I guess I mentioned Satanists because I remember you mentioning them and I was talking with someone the other day about how much I enjoyed those type movies growing up; The Omen, Race with the Devil, To the Devil a Daughter, etc. I figured you might be a bit of an expert on occult fiction and could point me to some good ones. HaHa! But if the books are like Agatha Christie and Conan Doyle no thanks- don't think I could make it through 'em. I'm interested in what Conan Doyle had to say about Spiritualism and the Cottingley Fairies- not Sherlock Holmes.

Andrew said...

Thanks for the info. I had heard about the collaboration between Adrian Conan Doyle and JDC -- I think I read somewhere that they really didn't get on well together and had a lot of arguments! On the Satanism side, there was (and still is) a blog called "The Groovy Age of Horror" -- it's linked in my right-hand column under "Other blogs I like". The blog has drifted onto other topics in recent years, but if you go back to the early posts, there were a lot of reviews of over-the-top horror novels from the 1960s and 70s that make interesting reading!

Andrew said...

Having just looked at the The Groovy Age of Horror, it's trickier to navigate than the last time I had a browse through it. You have to click on where it says "[+/-] LABELS", then scroll down to the items prefixed with SUBJ. There's lots of highbrow stuff like "Cults and covens", "Voodoo and zombies" etc...

Forteana said...

Awesome! Thanks for the heads up. Looks to be a very cool site.

Peni R. Griffin said...

Carr is considered one of the Golden Age Grand Masters of Mystery; a little behind Christie and Sayers, ahead of just about everybody else, and the absolute king of the Locked Room mystery. He is more likely to evoke a Fortean atmosphere then the two Grandes Dames, which makes him excellent reading when confined to bed with a low-grade fever.

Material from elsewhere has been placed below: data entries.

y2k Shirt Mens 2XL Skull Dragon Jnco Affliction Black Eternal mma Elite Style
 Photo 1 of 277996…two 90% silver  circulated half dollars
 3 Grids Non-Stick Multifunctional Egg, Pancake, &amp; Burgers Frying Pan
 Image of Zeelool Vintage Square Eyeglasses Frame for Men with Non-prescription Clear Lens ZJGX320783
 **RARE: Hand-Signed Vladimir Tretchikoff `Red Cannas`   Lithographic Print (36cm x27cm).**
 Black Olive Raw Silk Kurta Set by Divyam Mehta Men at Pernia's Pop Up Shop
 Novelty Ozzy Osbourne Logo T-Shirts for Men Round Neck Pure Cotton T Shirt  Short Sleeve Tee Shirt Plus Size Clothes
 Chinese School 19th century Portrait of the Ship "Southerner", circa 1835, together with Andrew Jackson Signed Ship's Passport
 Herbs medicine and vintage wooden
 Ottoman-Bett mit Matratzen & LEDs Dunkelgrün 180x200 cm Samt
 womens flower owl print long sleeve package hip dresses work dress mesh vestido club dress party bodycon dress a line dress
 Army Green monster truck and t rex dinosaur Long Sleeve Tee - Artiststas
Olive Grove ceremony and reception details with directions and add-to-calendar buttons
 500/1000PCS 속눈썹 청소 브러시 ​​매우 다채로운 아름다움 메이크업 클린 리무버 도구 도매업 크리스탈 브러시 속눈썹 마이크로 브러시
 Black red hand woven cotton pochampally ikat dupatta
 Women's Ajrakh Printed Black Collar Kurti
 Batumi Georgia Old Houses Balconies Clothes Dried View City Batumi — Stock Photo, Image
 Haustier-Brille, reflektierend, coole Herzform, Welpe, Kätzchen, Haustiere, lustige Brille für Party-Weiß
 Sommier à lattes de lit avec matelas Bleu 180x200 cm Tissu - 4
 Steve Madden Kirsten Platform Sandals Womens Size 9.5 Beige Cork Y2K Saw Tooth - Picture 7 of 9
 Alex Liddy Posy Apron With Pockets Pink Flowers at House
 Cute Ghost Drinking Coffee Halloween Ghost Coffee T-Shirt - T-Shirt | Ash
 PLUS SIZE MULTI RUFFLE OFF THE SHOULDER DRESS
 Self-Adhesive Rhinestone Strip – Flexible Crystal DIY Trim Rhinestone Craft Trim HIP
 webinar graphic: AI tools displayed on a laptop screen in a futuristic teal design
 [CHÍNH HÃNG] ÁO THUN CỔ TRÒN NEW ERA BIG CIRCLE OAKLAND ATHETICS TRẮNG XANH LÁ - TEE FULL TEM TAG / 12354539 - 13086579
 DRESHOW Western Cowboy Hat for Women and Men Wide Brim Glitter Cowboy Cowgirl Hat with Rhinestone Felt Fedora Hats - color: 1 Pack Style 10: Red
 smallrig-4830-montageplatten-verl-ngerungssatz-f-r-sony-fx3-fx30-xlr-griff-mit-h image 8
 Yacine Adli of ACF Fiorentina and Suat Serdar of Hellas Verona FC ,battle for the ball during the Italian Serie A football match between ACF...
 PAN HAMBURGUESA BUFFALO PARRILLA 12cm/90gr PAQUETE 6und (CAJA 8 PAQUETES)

As a genre, the mystery has to eschew supernatural and speculative solutions in favor of natural, materialistic ones as a matter of fair play. The satisfaction of a Fortean, supernatural, or low fantasy story is the sense of contact with the unknown and unknowable, while the satisfaction of a puzzle mystery lies in matching wits with the author and attempting to solve the mystery alongside the detective. The mystery can invoke a Fortean atmosphere in the set-up and trappings, but whereas in the Fortean worldview Chaos reigns, at the end of a mystery Order is restored.

Personally, I find that it is in the nature of Fortean fiction to be less satisfactory than Fortean fact. One of the uses of narrative is to impose order onto the chaos of human life, allowing us to see its elements more clearly. It's very, very hard to write fiction that provides story resolution alongside the thrilling sense of bungee-jumping through the Universe that is gained when reading about weird things that become more elusive the more one tries to investigate them; that defy and confuse categorization - and that is what Forteana are all about.

Andrew said...

Thanks Peni -- I think I agree with you, but I hadn't thought about it that way before. In real life, I love reading about mysteries that don't have logical explanations (i;e. forteana), whereas in fiction I want my mysteries to have logical solutions! Forteana in the background, as in the various Carr novels I mentioned, is fine as long as the solution to the crime turns out to be completely rational (even if you couldn't see it until the very end). Mysteries that have supernatural solutions are an absolute cop-out and should be banned -- I touched on that in an earlier post called Voodoo recycling.